• Records to process:

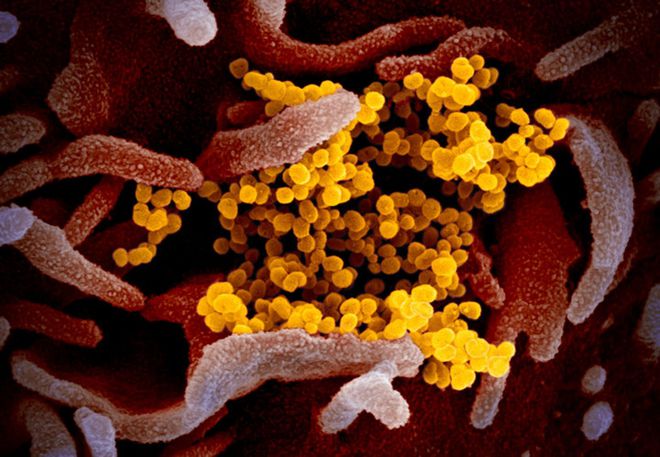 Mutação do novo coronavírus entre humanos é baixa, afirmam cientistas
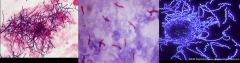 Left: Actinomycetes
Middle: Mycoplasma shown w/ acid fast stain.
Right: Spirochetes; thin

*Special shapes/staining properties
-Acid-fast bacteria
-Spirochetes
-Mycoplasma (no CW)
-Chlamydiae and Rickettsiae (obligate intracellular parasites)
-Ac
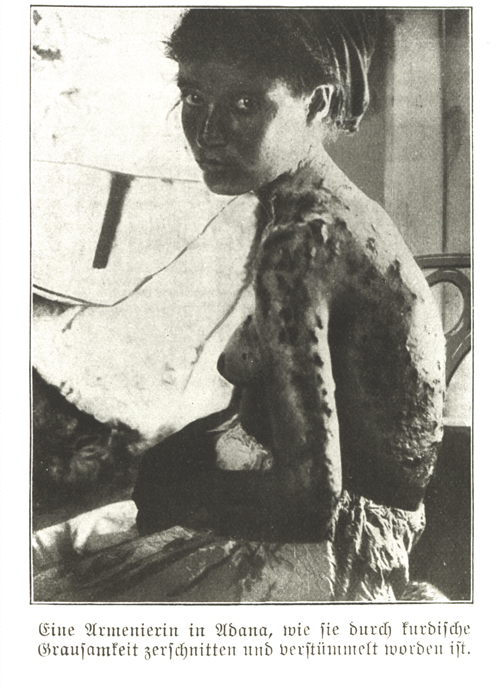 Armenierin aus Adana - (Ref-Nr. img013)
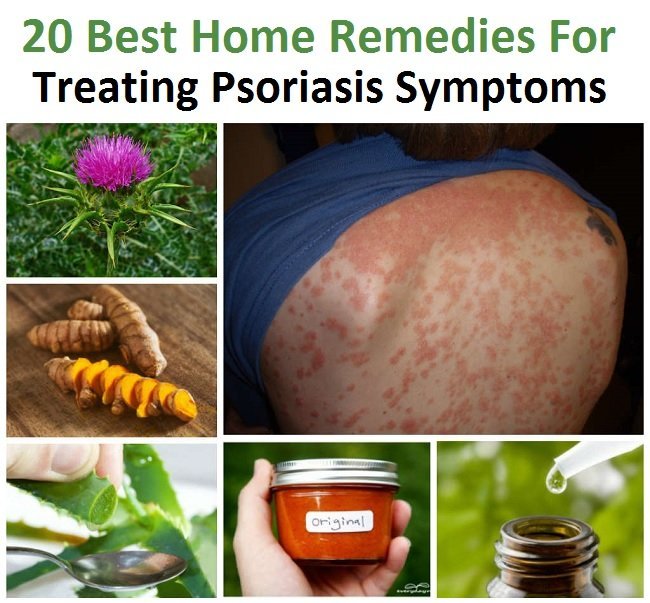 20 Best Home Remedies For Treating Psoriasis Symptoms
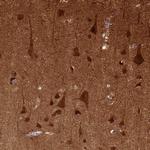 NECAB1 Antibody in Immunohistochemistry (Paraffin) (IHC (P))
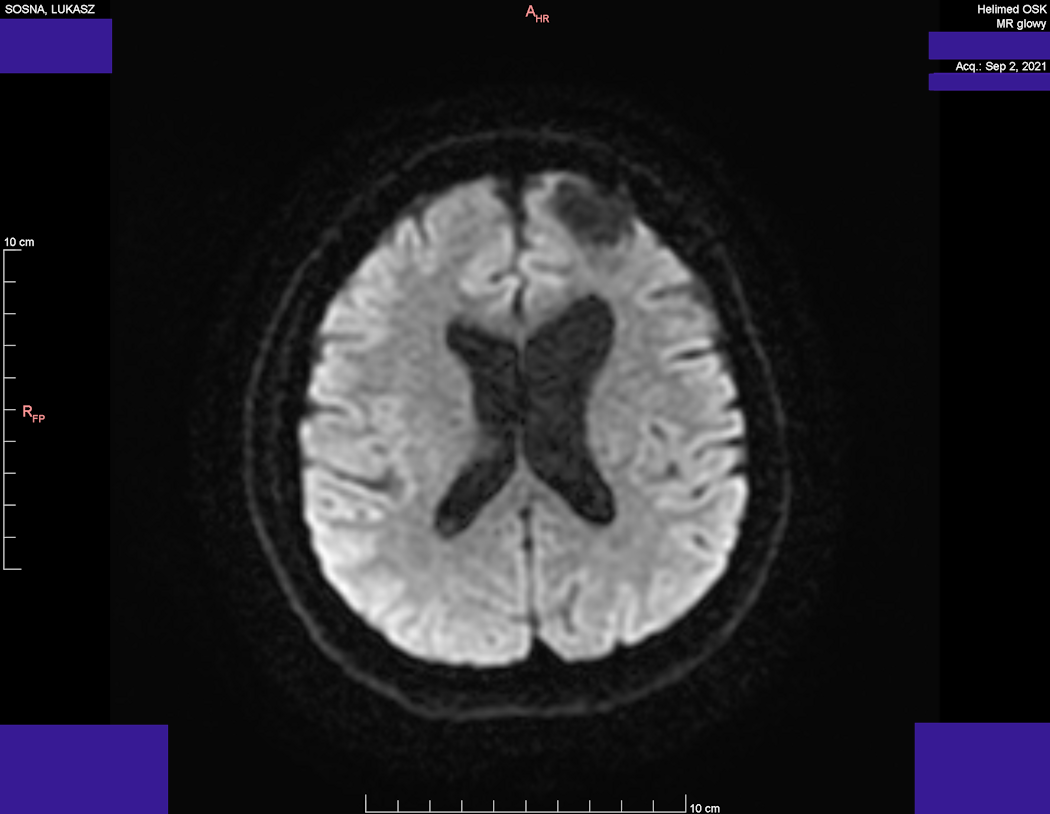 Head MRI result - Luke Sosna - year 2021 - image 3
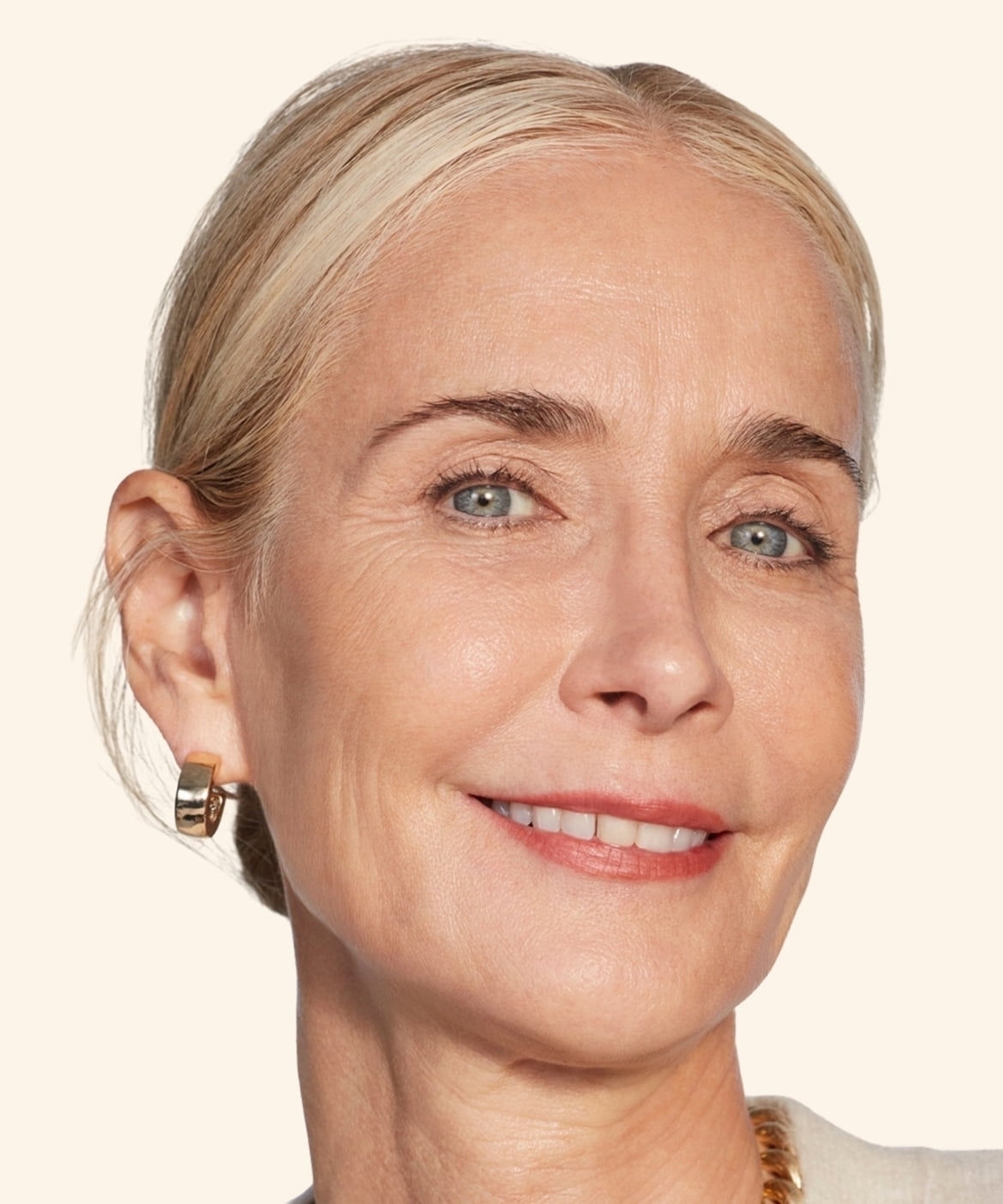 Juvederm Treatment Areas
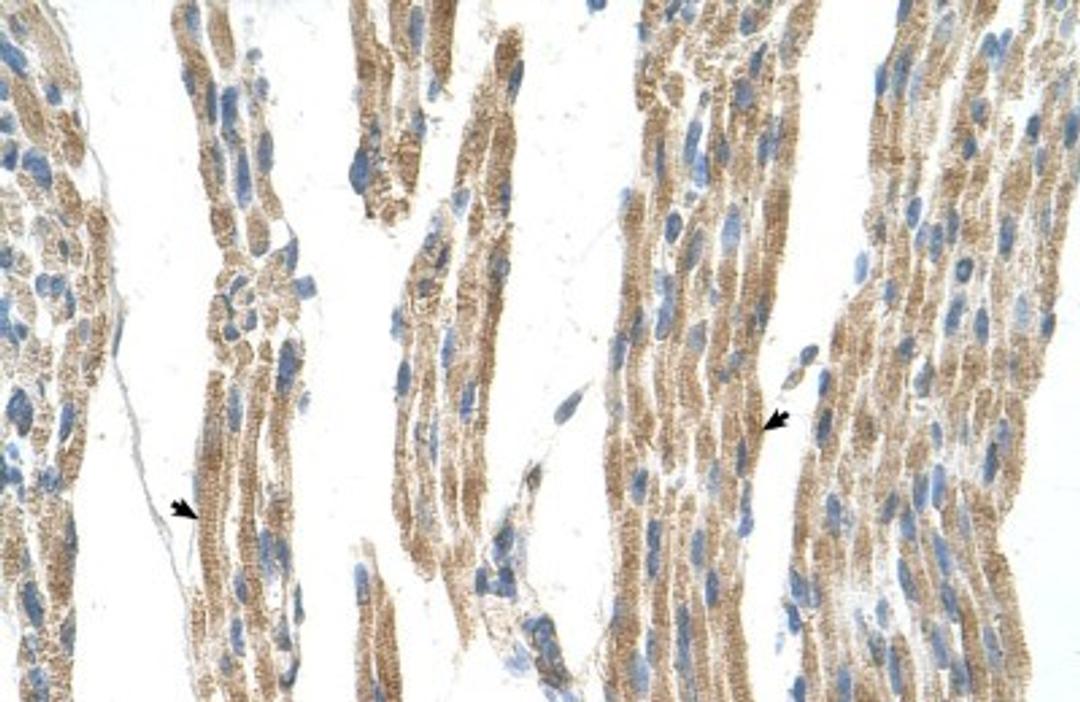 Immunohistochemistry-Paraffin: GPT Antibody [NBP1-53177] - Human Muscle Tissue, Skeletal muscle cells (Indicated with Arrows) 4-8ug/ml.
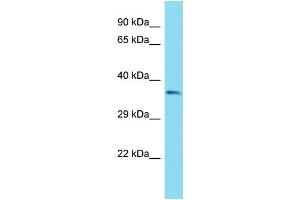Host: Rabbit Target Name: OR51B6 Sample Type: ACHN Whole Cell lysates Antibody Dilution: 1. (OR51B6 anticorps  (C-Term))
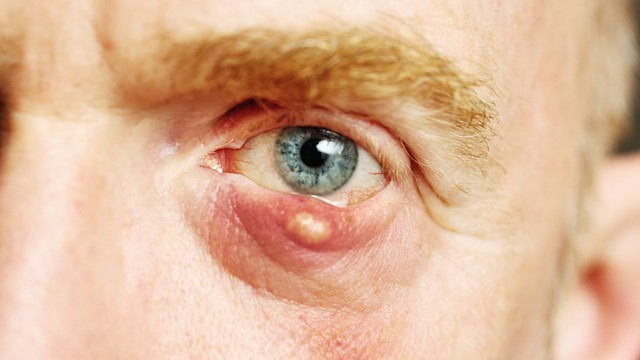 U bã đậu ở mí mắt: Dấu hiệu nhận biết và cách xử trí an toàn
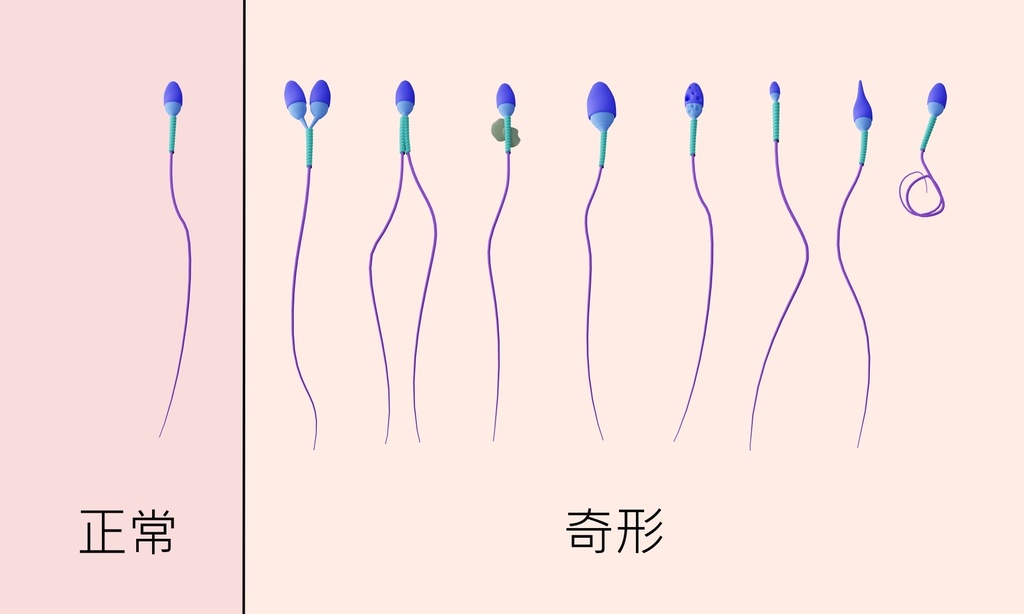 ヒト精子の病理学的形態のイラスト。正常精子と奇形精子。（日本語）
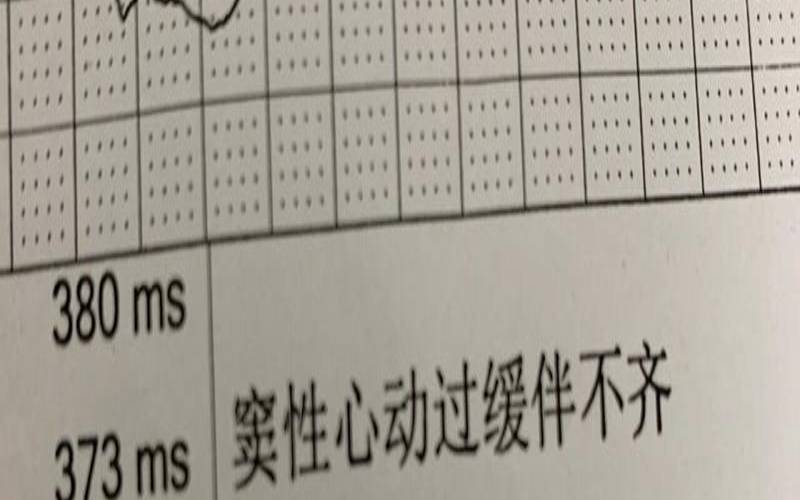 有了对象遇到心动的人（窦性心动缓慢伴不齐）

• Task instructions:
Only lines holding the word "fast" are wanted, so copy each of them from the records above.

• Expected answer:
Middle: Mycoplasma shown w/ acid fast stain.
-Acid-fast bacteria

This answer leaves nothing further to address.